To find the top 3 highest-paid employees in each department, use a Common Table Expression (CTE) with a window function like ROW_NUMBER(), RANK(), or DENSE_RANK() partitioned by department and ordered by salary in descending order. The outer query then filters the results to include only rows with a rank of 3 or less, such as by adding WHERE rank <= 3.
Example SQL Query
Code
WITH RankedEmployees AS (
SELECT
employee_id,
name,
salary,
department_id,
ROW_NUMBER() OVER (PARTITION BY department_id ORDER BY salary DESC) AS rank
FROM
employees
)
SELECT
employee_id,
name,
salary,
department_id
FROM
RankedEmployees
WHERE
rank <= 3
ORDER BY
department_id, rank;
Explanation of the Query
(Common Table Expression - CTE): The CTE RankedEmployees creates a temporary result set with the added rank column.
ROW_NUMBER() OVER (PARTITION BY department_id ORDER BY salary DESC):
PARTITION BY department_id: Divides the employees into separate groups (partitions) based on their department_id.
ORDER BY salary DESC: Within each department, it sorts the employees by their salary in descending order, placing the highest earners first.
ROW_NUMBER(): Assigns a unique, sequential rank to each employee within their department, starting from 1 for the highest salary.
Outer SELECT statement:
Selects the desired columns from the CTE.
WHERE rank <= 3:
Filters the results to include only those employees whose rank is 1, 2, or 3, effectively selecting the top three highest-paid individuals in each department.
ORDER BY department_id, rank:
Sorts the final output by department and then by rank within each department for clarity.
Alternative Window Functions
RANK():
Similar to ROW_NUMBER() but assigns the same rank to employees with identical salaries and leaves gaps in the ranking (e.g., 1, 2, 2, 4).
DENSE_RANK():
Also assigns the same rank to employees with identical salaries but does not leave gaps in the ranking (e.g., 1, 2, 2, 3).
3. Remove duplicates from a DataFrame based on multiple columns.
To remove duplicate rows from a PySpark DataFrame based on multiple columns, use the dropDuplicates() method and provide a list of the columns to consider.
Here is an example:
Python
from pyspark.sql import SparkSession
# Create a SparkSession
spark = SparkSession.builder.appName("RemoveDuplicates").getOrCreate()
# Sample data
data = [
("Alice", "New York", 25),
("Bob", "London", 30),
("Alice", "New York", 25), # Duplicate based on all columns
("Charlie", "Paris", 35),
("Bob", "London", 40), # Duplicate based on name and city, different age
("Alice", "London", 28)
]
# Define schema
schema = ["name", "city", "age"]
# Create DataFrame
df = spark.createDataFrame(data, schema)
# Show original DataFrame
print("Original DataFrame:")
df.show()
# Remove duplicates based on 'name' and 'city' columns
df_no_duplicates = df.dropDuplicates(["name", "city"])
# Show DataFrame after removing duplicates
print("DataFrame after removing duplicates based on 'name' and 'city':")
df_no_duplicates.show()
# Stop SparkSession
spark.stop()
Explanation:
spark.createDataFrame(data, schema): This creates a PySpark DataFrame from the provided sample data and schema.
df.dropDuplicates(["name", "city"]): This is the core operation.
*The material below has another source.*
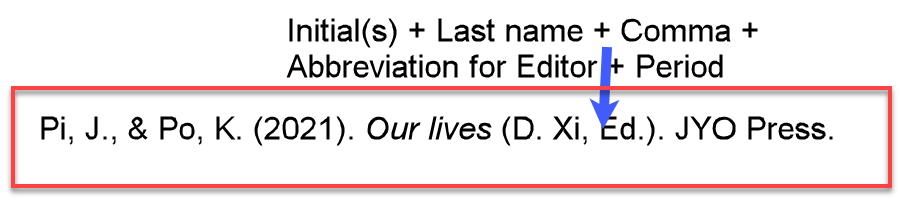 Example "<i>Our lives</i> (D. Xi, Ed.)." of an APA-formatted reference with two authors and one editor placed after the title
The dropDuplicates() method is called on the DataFrame df.
The argument ["name", "city"] is a list of column names. PySpark will consider a row a duplicate if the values in both the 'name' and 'city' columns are identical to another row.
By default, dropDuplicates() keeps the first occurrence of a unique combination and discards subsequent duplicates.
The output will show the DataFrame with rows where the combination of 'name' and 'city' is unique. For example, the row ("Bob", "London", 40) will be removed because ("Bob", "London", 30) was encountered first, and the 'name' and 'city' values are the same.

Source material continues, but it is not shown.